### Action item
Shown below is a listing with pictures; reproduce exactly, and only, the lines between the ones containing "Axyaa European Crystal" and "DERMEARNE Polo embroidered", inclusive, leaving the pictures out.

### Records
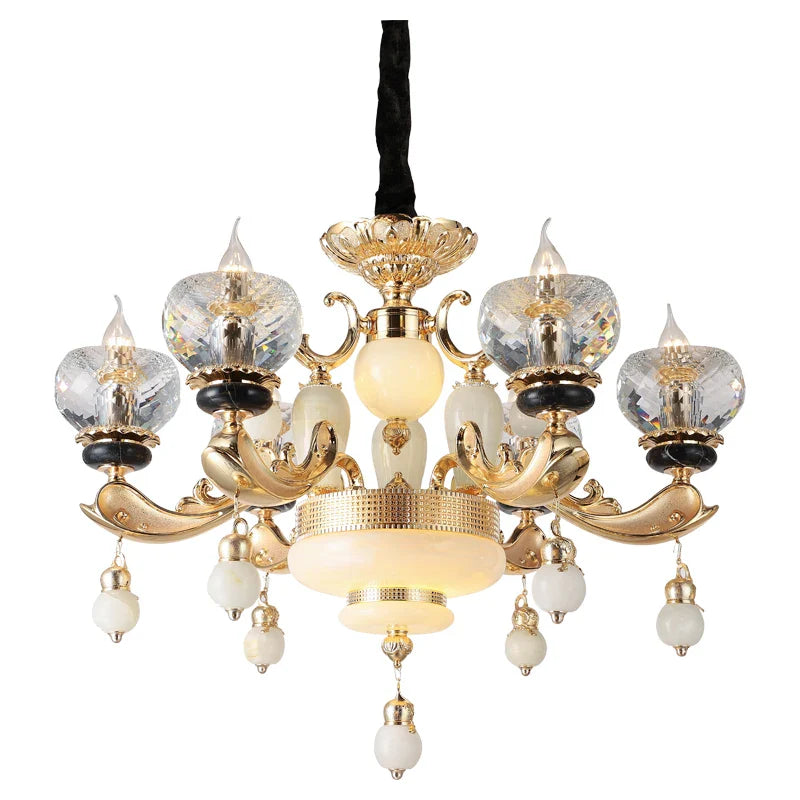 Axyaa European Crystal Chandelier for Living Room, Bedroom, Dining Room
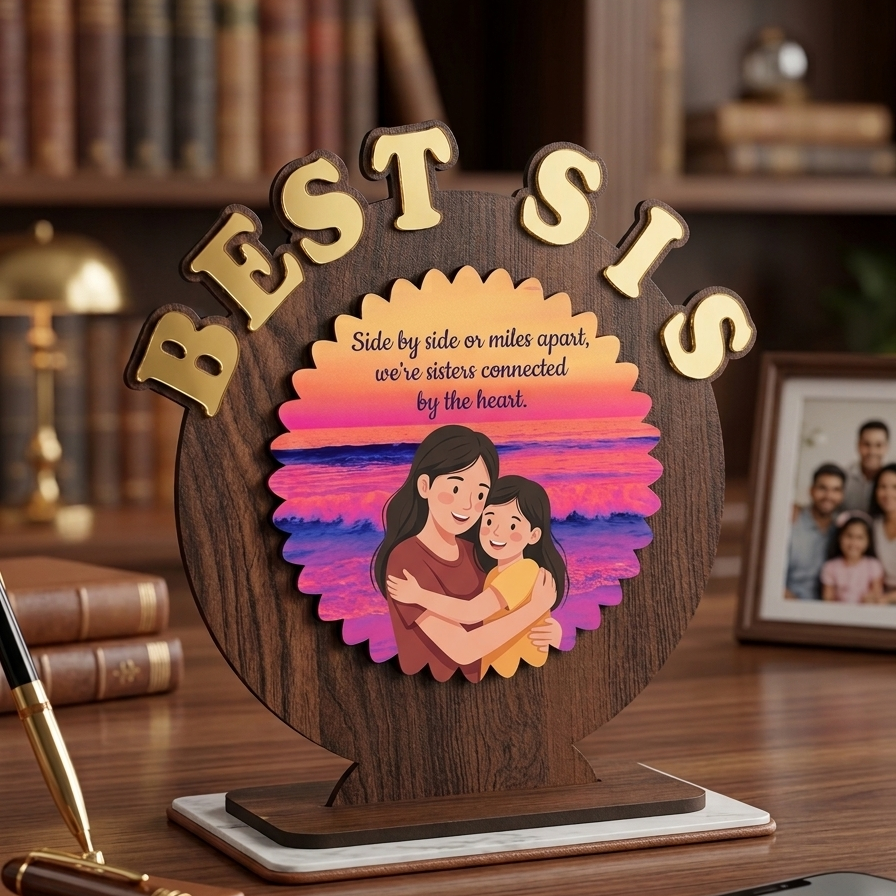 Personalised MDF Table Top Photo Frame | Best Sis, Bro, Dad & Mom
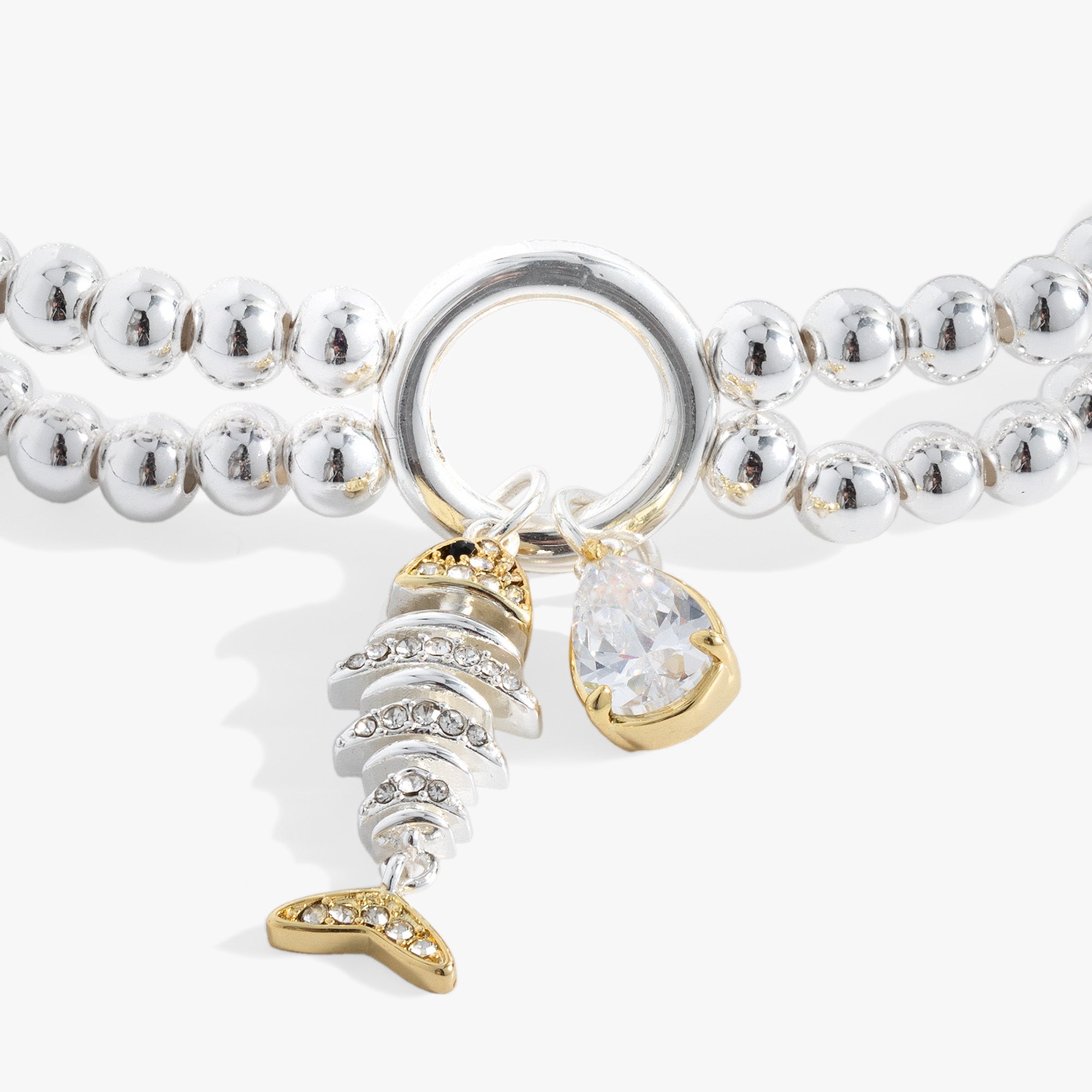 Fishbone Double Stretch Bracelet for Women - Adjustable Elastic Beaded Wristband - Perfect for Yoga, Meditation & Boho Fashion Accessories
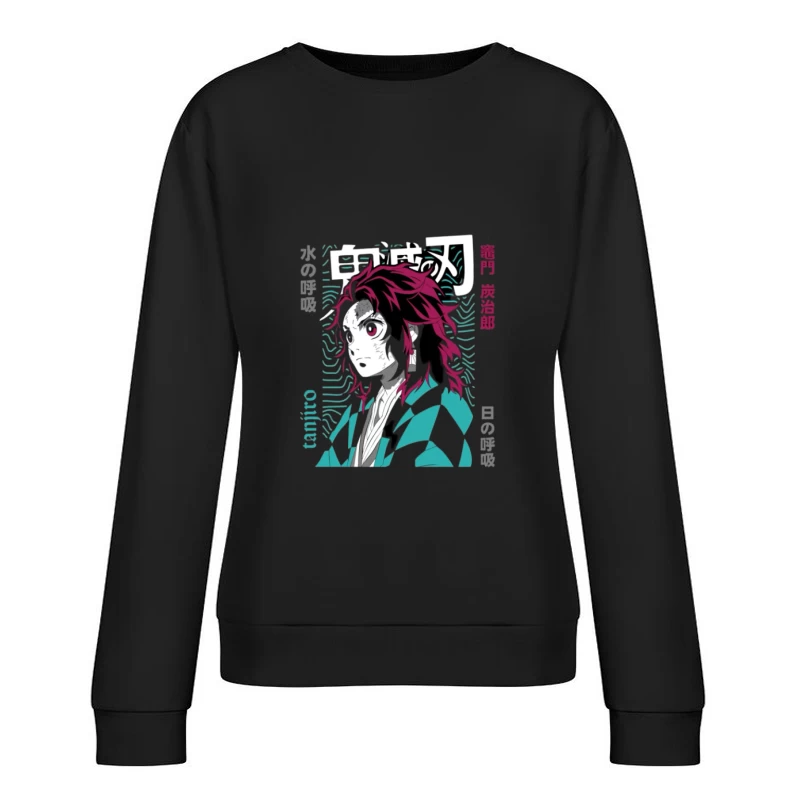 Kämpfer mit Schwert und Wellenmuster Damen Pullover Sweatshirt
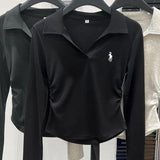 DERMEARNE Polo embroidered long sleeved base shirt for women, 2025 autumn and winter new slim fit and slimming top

--

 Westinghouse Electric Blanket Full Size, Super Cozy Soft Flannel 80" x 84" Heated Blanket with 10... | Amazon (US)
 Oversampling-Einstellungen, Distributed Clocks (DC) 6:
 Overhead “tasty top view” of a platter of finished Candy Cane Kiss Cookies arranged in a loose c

--

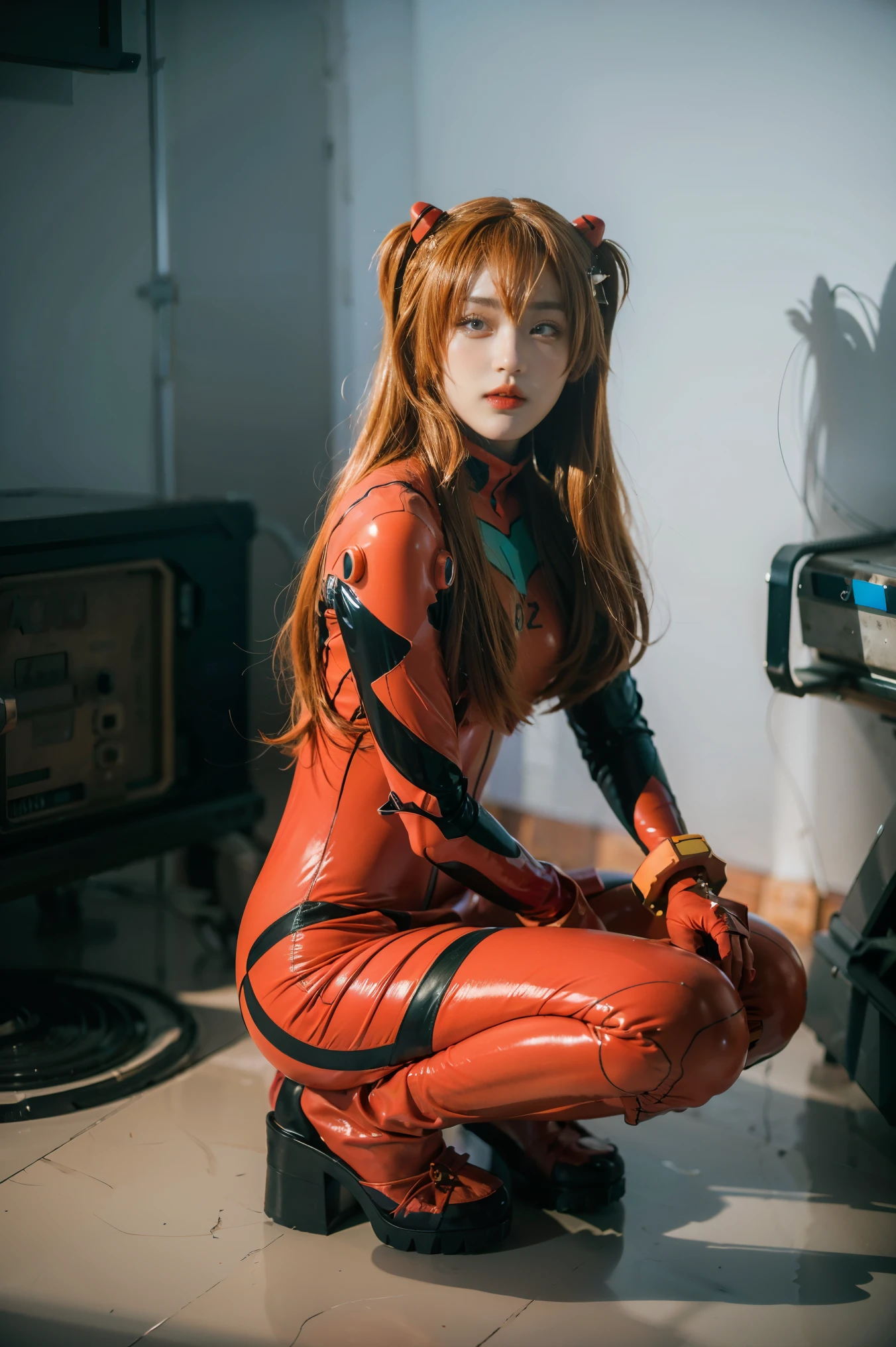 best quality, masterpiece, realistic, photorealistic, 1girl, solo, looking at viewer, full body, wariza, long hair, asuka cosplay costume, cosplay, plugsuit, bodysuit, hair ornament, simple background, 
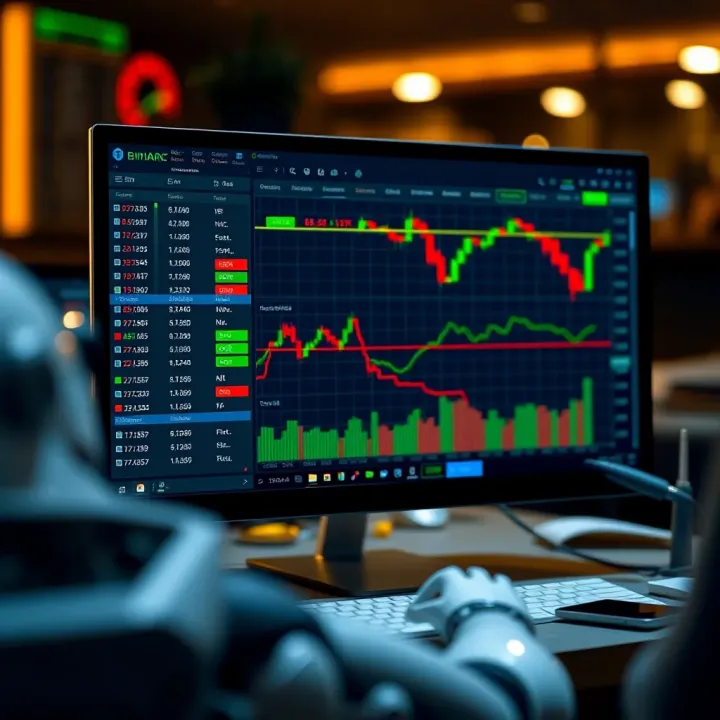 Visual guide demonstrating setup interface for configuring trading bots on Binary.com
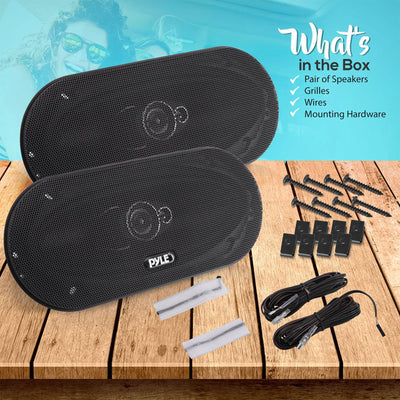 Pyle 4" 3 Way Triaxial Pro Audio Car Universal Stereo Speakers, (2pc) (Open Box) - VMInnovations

### Output of the exercise
 Axyaa European Crystal Chandelier for Living Room, Bedroom, Dining Room
 Personalised MDF Table Top Photo Frame | Best Sis, Bro, Dad & Mom
 Fishbone Double Stretch Bracelet for Women - Adjustable Elastic Beaded Wristband - Perfect for Yoga, Meditation & Boho Fashion Accessories
 Kämpfer mit Schwert und Wellenmuster Damen Pullover Sweatshirt
 DERMEARNE Polo embroidered long sleeved base shirt for women, 2025 autumn and winter new slim fit and slimming top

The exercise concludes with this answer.